[TASK INPUTS]
* * *

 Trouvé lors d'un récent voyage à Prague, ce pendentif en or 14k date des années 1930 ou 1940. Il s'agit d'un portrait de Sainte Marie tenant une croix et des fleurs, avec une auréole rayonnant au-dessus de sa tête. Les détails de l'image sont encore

* * *

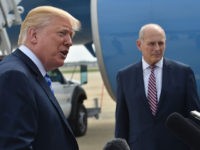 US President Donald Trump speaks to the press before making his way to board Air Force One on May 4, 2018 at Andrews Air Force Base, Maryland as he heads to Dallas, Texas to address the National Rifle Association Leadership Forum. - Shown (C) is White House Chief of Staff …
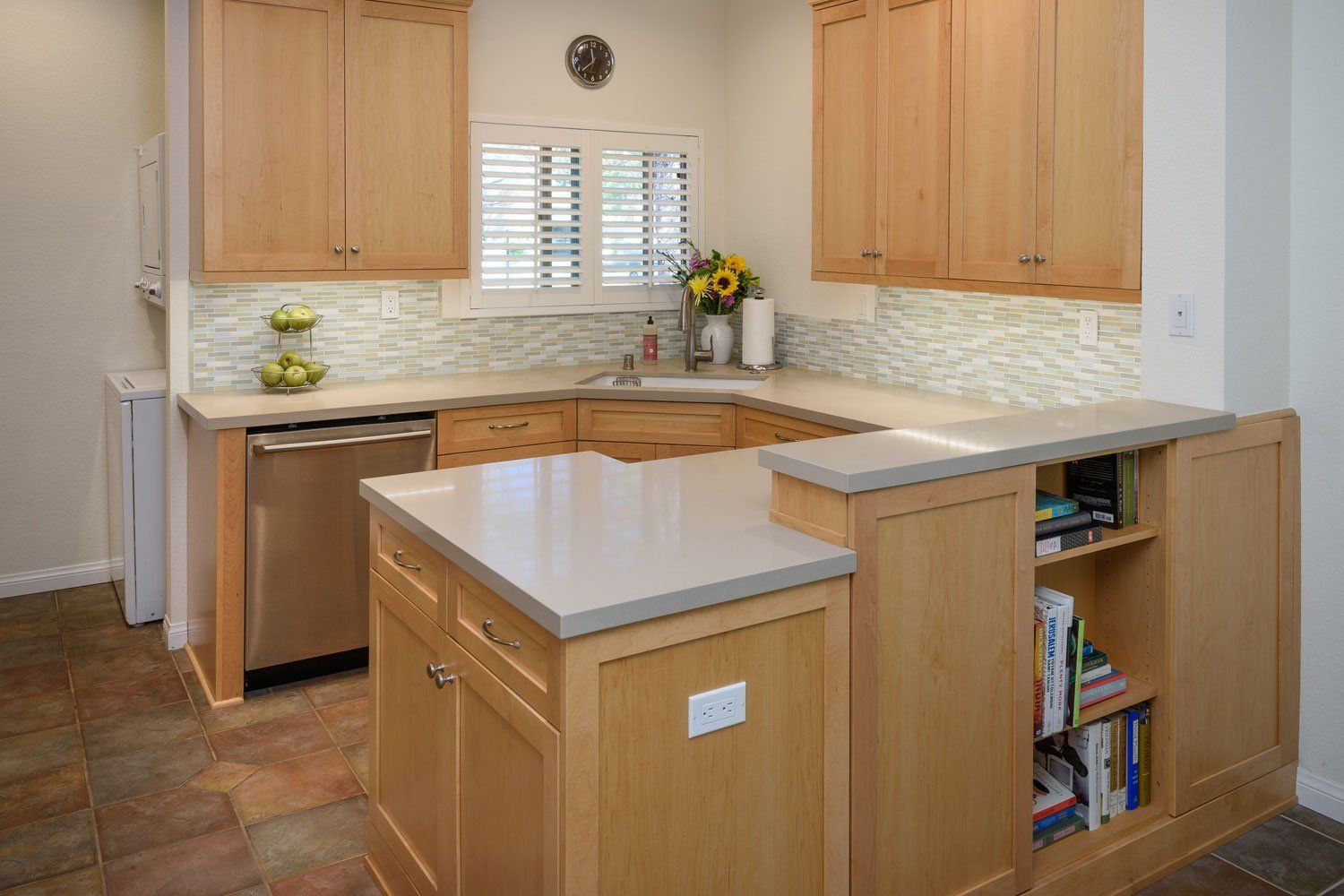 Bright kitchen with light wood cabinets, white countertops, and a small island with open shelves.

* * *

[ASSIGNMENT] In the data above, take the line with "US President Donald", the line with "Bright kitchen with", and every line between, and set them down exactly without pictures.

[SOLUTION BELOW]
 US President Donald Trump speaks to the press before making his way to board Air Force One on May 4, 2018 at Andrews Air Force Base, Maryland as he heads to Dallas, Texas to address the National Rifle Association Leadership Forum. - Shown (C) is White House Chief of Staff …
 Bright kitchen with light wood cabinets, white countertops, and a small island with open shelves.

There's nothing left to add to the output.